Wednesday, February 4, 2009

U.S. Housing Slump Has ‘Just Begun'

2009-02-05: U.S. Housing Slump Has ‘Just Begun,’
Says Forecaster Talbott

Feb. 5 (Bloomberg) -- Let’s say you own a $1 million home in Santa Barbara, California. The house seemed like a steal when you bought it with that adjustable-rate mortgage in 2005. You still love the white beaches and those yachts bobbing up and down in the harbor.

Then you awaken early one morning, troubled that your monthly payments will soon double. You go out to pick up your newspaper and see
for-sale signs on five houses on the street. One identical to yours just sold for $500,000.

Are you going to pay the bank $1 million plus interest for your place?
John R. Talbott, a former investment banker for Goldman Sachs, poses that hypothetical question in his latest book of financial prophesy, “Contagion.”

His answer: “I don’t think so,” he says. “If I’m right, then this housing decline has only just begun.”

...
Five More Years
Talbott’s latest predictions are sobering. The U.S. is only halfway through the total potential decline in housing prices, he says. Home values will continue to deteriorate for four to five years, he forecasts. Adjustable-rate mortgages issued in 2004 and 2005, for example, are only now resetting for the first time, he notes.

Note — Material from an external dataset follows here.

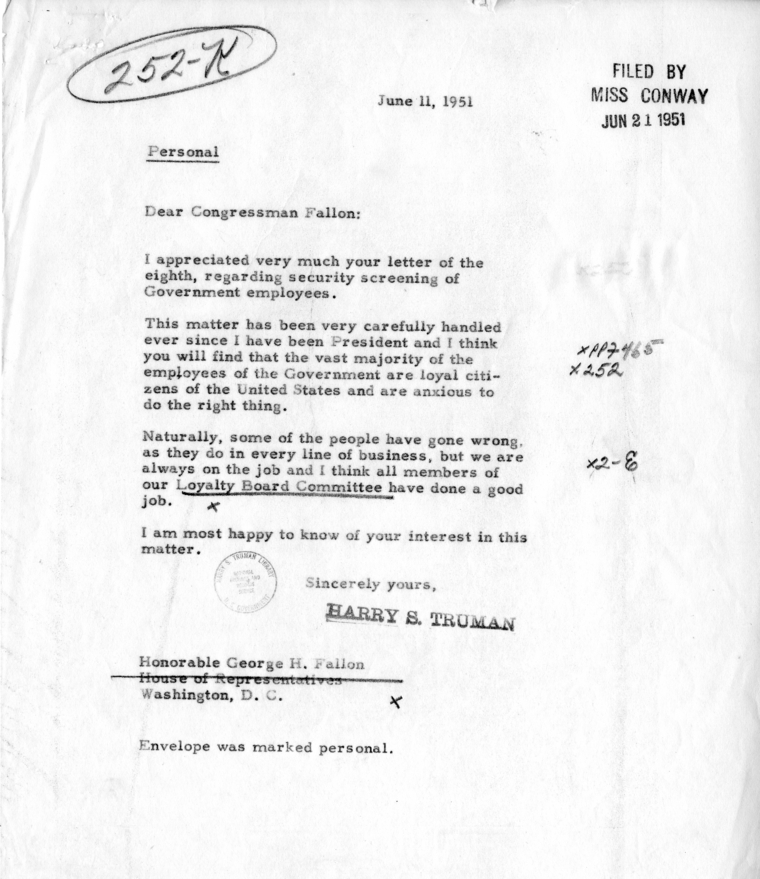 Correspondence Between Harry S. Truman and George H. Fallon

Bankers may “try to blame the crisis on poor Americans with bad credit histories, but that is not the real cause of the housing crisis,” he says. “The greatest home-price appreciations and the homes most subject to price readjustment are in America’s wealthiest cities and its glitziest neighborhoods.”

...
How did we get into this mess? Talbott blames everyone from average Americans who caught “the greed bug” to hedge funds and credit-default swaps. The single biggest error, he says, was for U.S. citizens to allow their national politicians to take large campaign contributions from big business and Wall Street -- a theme Kevin Phillips developed in “Bad Money.”

‘No Accident’
This crisis was no accident,” he says. It began, in Talbot’s view, because the U.S. government was “co-opted” into deregulating the financial industry. Politicians were “paid to deregulate industry,” taking billions of dollars each year in campaign contributions.

His investment advice for this prolonged recession: Hang on to cash and invest in gold or Treasury Inflation-Protected Securities, or TIPS. If he had to invest in stocks, he would put his money in China.